# GT Aggressor XC3 - Road bike conversion



## Trumpettom001 (5 Jul 2009)

Hi all,

I'm not sure how viable this is going to be, but I'm thinking of converting a GT Aggressor to a semi road bike.. Thinner tyres, still with disc brakes, for road/Trail use.. and Lockable Suspention.... big comfy seat.. and (excuse my ignorance) those handlebars witht curvy bits on them.... does anyone think this is a viable idea??


----------



## Trumpettom001 (5 Jul 2009)

P.S. I was considering this as an alternative - I especially like the invisibe disc brakes, mentioned in the description!!!! good old Halfrauds

http://www.halfords.com/webapp/wcs/..._productId_240415_langId_-1_categoryId_165710


----------



## Bman (12 Jul 2009)

Hi Tom

The handlebars you are talking about are "Drop bars" Im not sure if they will fit on the GT frame, but dont quote me on that 

Have you got the XC3 already? I have the XCR and that comes standard with lockable front forks. 
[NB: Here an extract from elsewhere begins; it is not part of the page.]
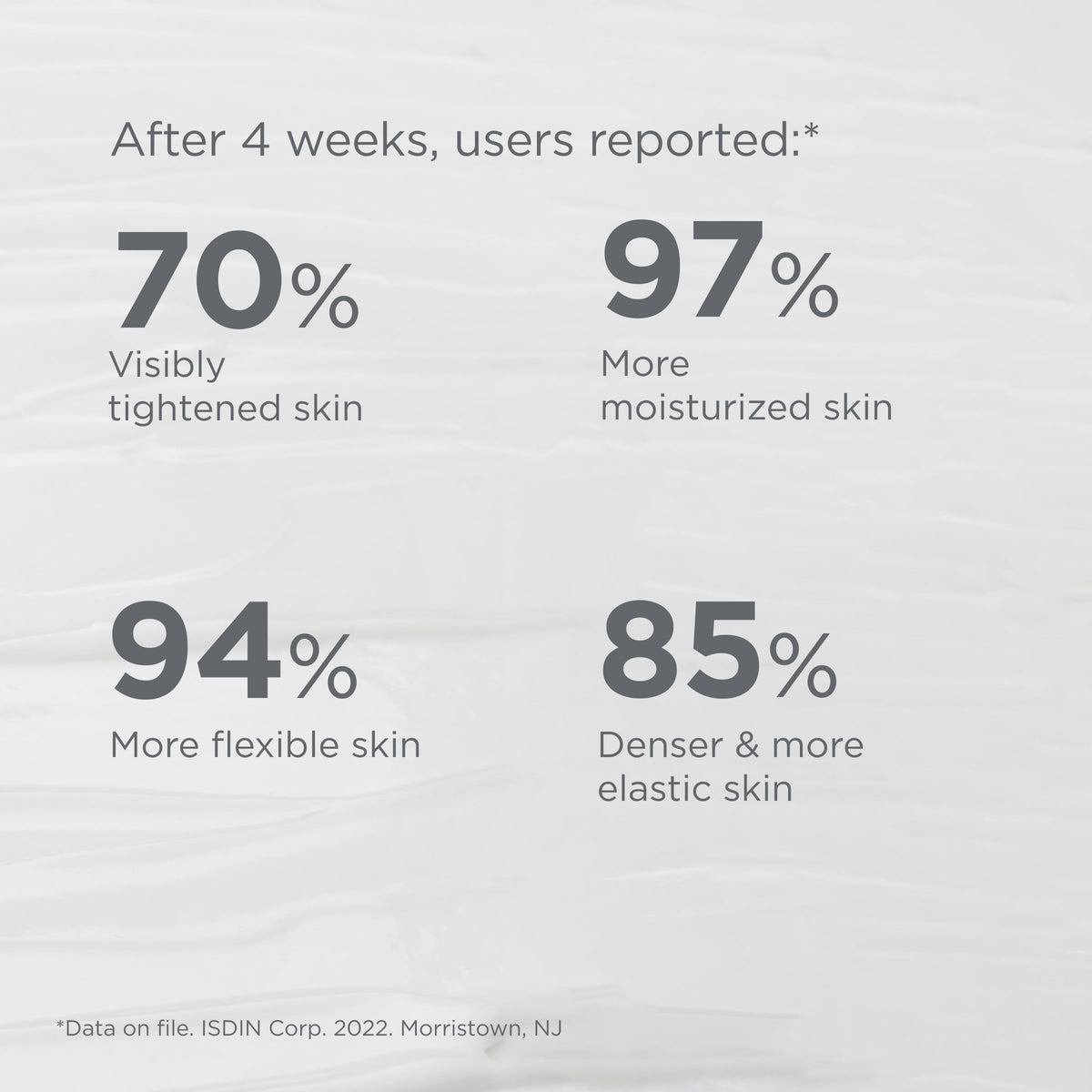 ISDIN crosslinked hyaluronic acid bead visual showing deep hydration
Im also thinking of putting thinner tyres on my XCR. Big fat nobbly 2.35" tyres are ok for wet weather, bridleways and off-road, but I wouldnt mind being able to swap them for semi-slicks when I just want a quick commute to work. 
Only problem is my Alex DP20 rims are 2cm wide! I may have to get a thinner set


----------



## chris667 (13 Jul 2009)

It's possible, but wether or not it's worth doing is a different story.
Drop handlebars are thicker, which means a new stem. You'll also need new brake levers which means either a cable disc or no disc at all and barend shifters unless you want to run your bike as a singlespeed or use STI levers which will mean a new front mech and chainset.
Really, the suspension forks and discs are dead weight on a road bike; that's the reason road bikes don't have them.
TBH, if you wanted to get a road bike, I'd sell the GT and buy one. If you don't do death defying offroad stuff, something like a tourer would cope with bridleways without a problem and run rings around it on the road.


----------



## hubgearfreak (13 Jul 2009)

chris is right, except the bit where he says sell one. 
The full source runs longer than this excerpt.